I agree that Elder Holland's talk was phenomenal. What a giant of a man he is! Proof that the best people go through the biggest trials!

Again, thanks for sharing your story. You are not alone in this, so many struggle with this very thing, and you can be a force for good in helping others, I am sure!

There is always a reason to the things we go through, and who knows what God will need you to do in the future!

Melissa said...

Elder Holland is a legend. Enough said!!

Rachelle as you know, I've had front row seats to watching someone with depression and then what they do if they seek no help.
The action they took has altered my life forever.
As a family we are very aware of our moods and know when we get a certain way, things have to change!!
On both sides of our family we have anxiety, depression and panic attacks. So both Dru and I have to be constantly watching for the signs in ourselves, probably soon our kids, and sometimes our siblings and even our parents.
It's easy for people to judge and say 'well if you'd just read your scriputres more'
That's bullcrap and Elder Holland solidified that it's bullcrap in his talk.
FINALLY!!!!! Someone who GETS IT.
My Dad was going to the temple AND reading his scriptures AND running at the time.
Didn't help.
The very WORST enemy to this problem is PEOPLE'S JUDGEMENTS.
It makes me so mad.
There's little tiny judments in their faces I can see it and I KNOW they're thinking, 'well at least I ddin't have to be on meds, I just ate right and exerisezed and it stopped'
Whiile that's great for some it's not great for all.
Everyone's different and needs different things. As people especailly in the mormon community, sometimes we are our own worst enemies and it drives me nuts.
I don't need a lecture on how awesome we are as a community.........I know that sometimes we are, but sometimes we're NOT.
It's all about being more chirstlike man and as a culture, state, nation and world we've all got a LONG way to go, a long way.

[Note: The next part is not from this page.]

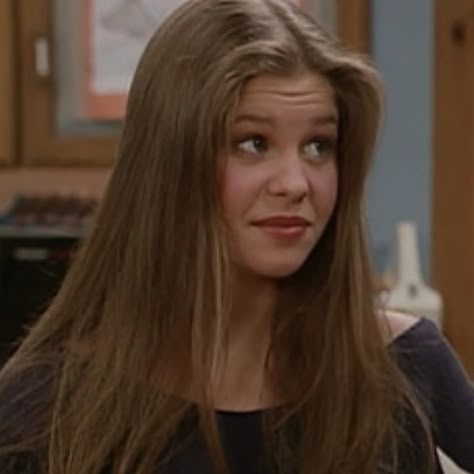 Dj Tanner Long Hair, Dj Full House Hair, Dj Tanner Icons, Full House Hairstyles, Dj Tanner Aesthetic, Dj Tanner Hair, 90s Face Claims, Dj Tanner Outfit, Full House Dj Tanner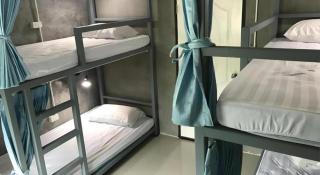 Chomjan Hostel - 1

adventuresofthecrazies said...

I cannot agree more with Melissa!! Rachelle during RS on Sunday I may have inadvertently revealed more about myself than I would have liked too!! Depression is REAL, SCARY and most of all a DEMON that will forever haunt you (or me). Others judgments are the worst and create an atmosphere of more debilitation. Being immobilized by this is so overwhelming that often there is no way or sight out.
Finding peace is hard, having someone tell me i am good or great or whatever you want does not work because I dont feel it...AT ALL. Working my way out of depression has been a life long trial and will be forever. Enough said, and now you know too much, far far too much about me!

Harlin Family said...

Moira, I'm sure you sharing your story gave other people struggling a feeling of not being alone. We can strengthen each other through sharing our experiences. I wish I could have been in RS on Sunday.

Kristina said...

That is so touching and something you will cherish writing forever. You have a talent for words, so articulate. You also have a great eternal perspective..all gifts from our Heavenly Father I'm sure. I think you should send a version into Church Magazines and bless others with your story.